Up to now in search of a record, he said, "I have had several close calls - two fish right at 7.25 pounds, several at 7 pounds, and one I caught on rod and reel that was 8.5 pounds. This fish is pretty close to the maximun size for the species as well."

His bowfishing buddy, Jake Kerstetter, of Springboro, Ohio, arrowed the state bowfishing record carp along the western Lake Erie shoreline a year ago. It weighed 40.25 pounds, McGlone had been fishing with Kerstetter but had to break off - the evening that Kerstetter went on to take the monster carp.

Oregon taxidermist Mark Lodzinski is doing a special mount of the fish for McGlone.

The 25th Toledo Police Walleye Tournament, held last Saturday, was a true fisherman's event, a tough day for catching with the 22 boats and 86 angler-participants whose entries were topped by a team skippered by Duane Poole.

Poole, Brent Kohlman, and Randy Hayes turned in a winning entry of five fish weighing 20.66 pounds to best the field. Their catch included a tourney topper of 8.66 pounds.

"The fishermen woke up to boats covered with mayflies," said official police reporter Jim Dec. "Our end of the lake was covered with slicks of new and dead mayflies - not a good sign if you are looking for hungry walleyes."

Poole took his first fish in Brest Bay in Michigan waters north of Monroe, Dec said. Most boats fished sites typical for this time of year - between West Sister and Middle Sister islands. Mayfly rigs with nightcrawlers were the preferred weapon, though some boats trolled with spoons with good success.

Poole's crew happened into a school of big fish, Dec said. Typical of tournaments. Poole told Dec that they had three of their best fish on at the same time.

Other top finishers included the boats of skipper Todd Reed, with Gary Vincent, Bob Teneyck, and Brian Huff, second, 18.66 pounds; skipper John Stewart with Mike Stewart, Dave Durant, and Brian Gaylord, third, 16.66 pounds; skipper Bill Wauford, with Brian Lewandowski, Pete Swartz, and Louie Espinosa, fourth, 16.28 pounds, and skipper Ed Palinski with Lou Borucki and Rick Reed, fifth, 15.84 pounds.

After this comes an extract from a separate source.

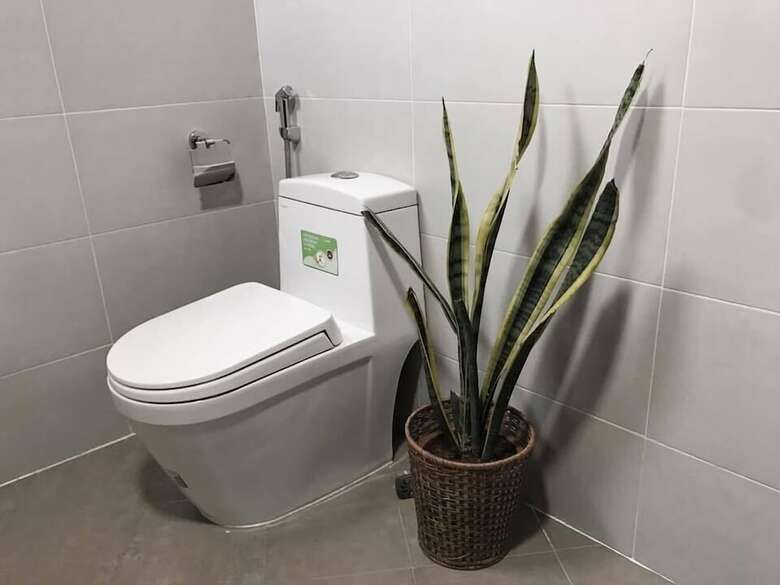 Apartamentos Annie Resident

Largest sheepshead boated went to the crew of skipper Paul Byersmith, a retired patrolman and now king of the shepherds, at 8.9 pounds.

Teams included Toledo policemen and Lucas County sheriff's deputies. Sponsors included Dick's Sporting Goods, Toledo Police Command Officers Association, Toledo Police Patrolman's Association, Sheriff James Telb, and Erie IGA.

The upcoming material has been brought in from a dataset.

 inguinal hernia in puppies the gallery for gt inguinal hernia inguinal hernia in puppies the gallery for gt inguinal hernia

P.S. - Had Yours Truly not been somewhere off the New Jersey coast on a sailboat dodging thunderstorms at the time, he might have helped the Byersmith crew catch something aside from sheep. This is a great event - a friendly kind of pick-up game, not a blood tournament. It is the best kind and our lawmen deserve a tip of the hat for showing us how.